Move the folder unlabeled2017 and the folder CIRCO structure should look like:

./CIRCO
├── captions
│   ├── val.json
│   └── test.json
└── unlabeled2017
    ├── 000000572834.jpg
    ├── 000000088597.jpg
    ├── 000000386336.jpg
    ├── ...

CIRR

Please follow the instruction of the CIRR official repository Cuberick-Orion/CIRR to prepare the dataset.

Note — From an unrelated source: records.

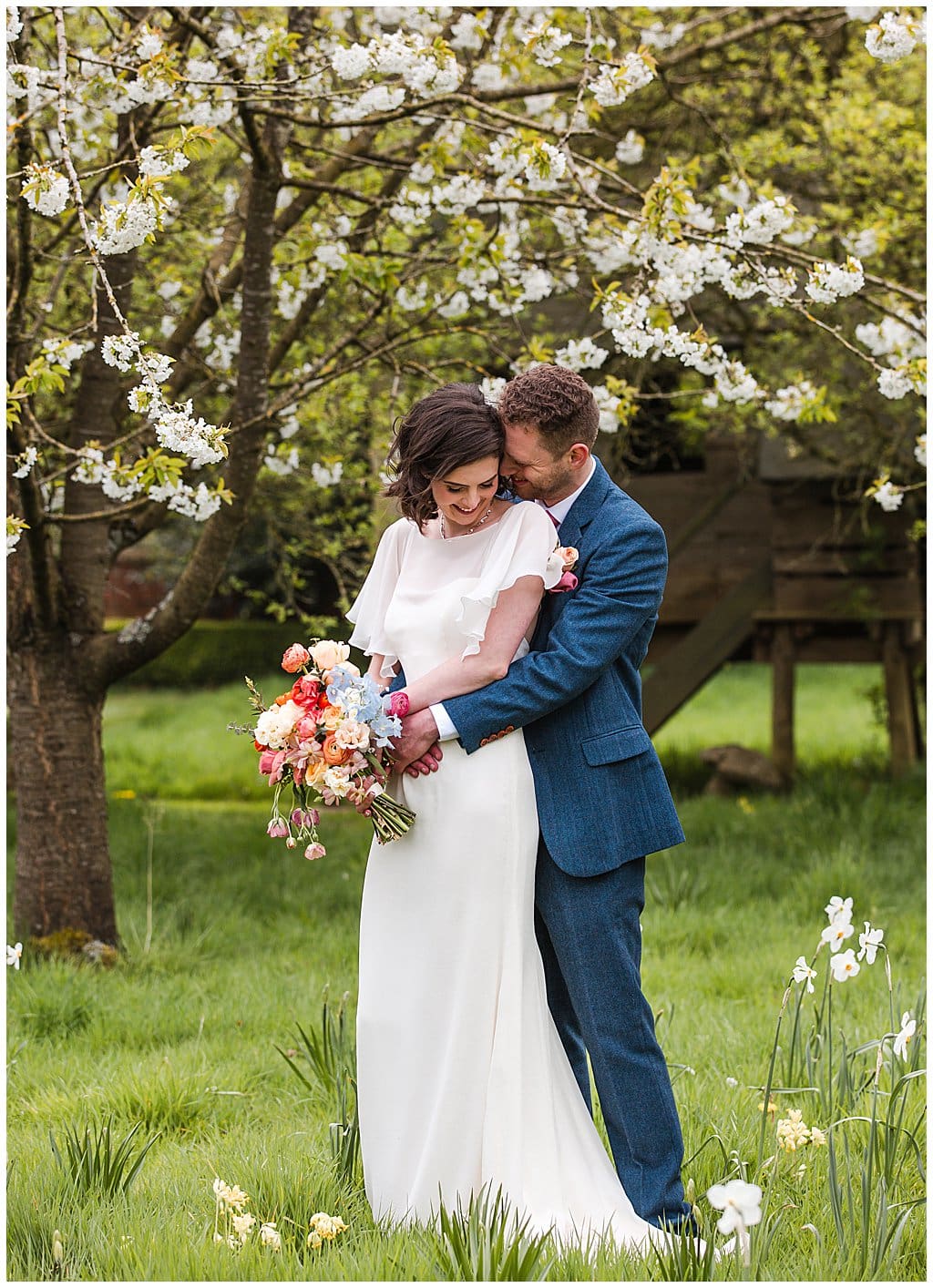 Bride and Groom cuddle in front of spring blossom trees in Pimhill Barn gardens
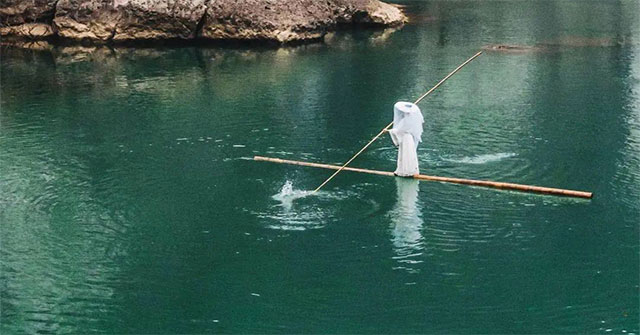 The girl possesses a nearly lost 'water-surfing' technique, performing on the river like something out of a martial arts movie.
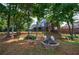 Spacious backyard featuring a fire pit and views of home with deck and patio, with pond in background at 652 Pathview Ct, Dacula, GA 30019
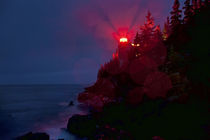 Lighthouse in night storm. von John Greim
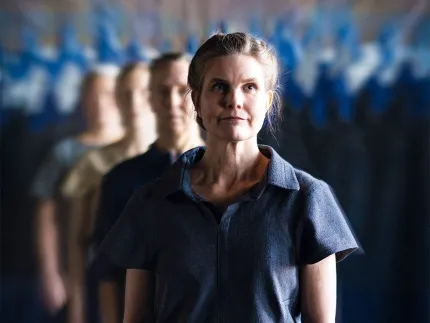 En kvinna med uppsatt hår, iklädd en blå kortärmad blus, bakom henne en man och två kvinnor på rad, i bakgrunden en grupp människor som är lite suddiga.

Make the folder CIRR structure looks as follows:

./CIRR
├── LICENSE
├── README.md
├── captions_ext
│   ├── cap.ext.rc2.test1.json
│   ├── cap.ext.rc2.train.json
│   ├── cap.ext.rc2.val.json
├── image_splits
│   ├── split.rc2.val.json
│   ├── split.rc2.train.json
│   ├── split.rc2.test1.json
├── dev
│   ├── dev-841-3-img0.png
│   ├── dev-30-2-img1.png
│   ├── dev-954-2-img1.png
│   ├── ...
├── captions
│   ├── cap.rc2.train.json
│   ├── ._cap.rc2.val.json
│   ├── cap.rc2.val.json
│   ├── ...
└── test1
    ├── test1-1005-3-img0.png
    ├── test1-400-0-img1.png
    ├── test1-718-0-img0.png
    ├── ...

FashionIQ

Download and extract files form 🤗HuggingFace - Plachta/FashionIQ, and organize the folder FashionIQ like:

./FashionIQ
├── image_splits
│   ├── split.dress.val.json
│   ├── split.toptee.val.json
│   ├── split.dress.train.json
│   ├── ...
├── captions
│   ├── cap.shirt.test.json
│   ├── cap.shirt.val.json
│   ├── cap.toptee.test.json
│   ├── ...
└── images
    ├── B0088D23WY.png
    ├── B000QB12QY.png
    ├── B001I90CD2.png
    ├── ...

Flickr30K

Download and extract files form 🤗HuggingFace - nlphuji/flickr_1k_test_image_text_retrieval, and organize the folder Flickr30K like:

./Flickr30K
├── README.md
├── test_1k_flickr.csv
├── images_flickr_1k_test.zip
├── test_1k_flickr.csv
└── images
    ├── 2847514745.jpg
    ├── 4689169924.jpg
    ├── 2088705195.jpg
    ├── ..

MSCOCO

Download and extract files form 🤗HuggingFace - nlphuji/mscoco_2014_5k_test_image_text_retrieval, and organize the folder MSCOCO like:

./MSCOCO
├── README.md
├── test_5k_mscoco_2014.csv
├── mscoco_2014_5k_test_image_text_retrieval.py
├── images_mscoco_2014_5k_test.zip
├── .gitattributes
└── images
    ├── COCO_val2014_000000466052.jpg
    ├── COCO_val2014_000000335631.jpg
    ├── COCO_val2014_000000297972.jpg
    ├── ...

VisDial

Obtain Protocal/Search_Space_val_50k.json and dialogues/VisDial_v1.0_queries_val.json from the Saehyung-Lee/PlugIR repository. Download the images COCO 2017 Unlabeled Images. Place the downloaded files in the folder VisDial and organize it as follows:

./VisDial
├── Search_Space_val_50k.json
├── VisDial_v1.0_queries_val.json
└── unlabeled2017
    ├── 000000572834.jpg
    ├── 000000088597.jpg
    ├── 000000386336.jpg
    ├── ...

Once you have completed these steps, your dataset is ready for use.

Models

Download the pre-trained model weights from the links provided below.

Role	Model	Link
Captioner	LLaVA-v1.6-vicuna-7B	🤗llava-hf/llava-v1.6-vicuna-7b-hf
Reasoner	LLaMA3-8B-Instruct	🤗meta-llama/Meta-Llama-3-8B-Instruct
Verifier	PaliGemma-3B-mix-224	🤗google/paligemma-3b-mix-224
Evaluator	InternVL2-8B	🤗OpenGVLab/InternVL2-8B
VLM	CLIP-ViT-B-32-laion2B-s34B-b79K CLIP-ViT-L-14-laion2B-s32B-b82K	🤗laion/CLIP-ViT-B-32-laion2B-s34B-b79K 🤗laion/CLIP-ViT-L-14-laion2B-s32B-b82K

You can place the downloaded weights in a directory of your choice, and specify the path to the models in the configuration or script when running the pipeline.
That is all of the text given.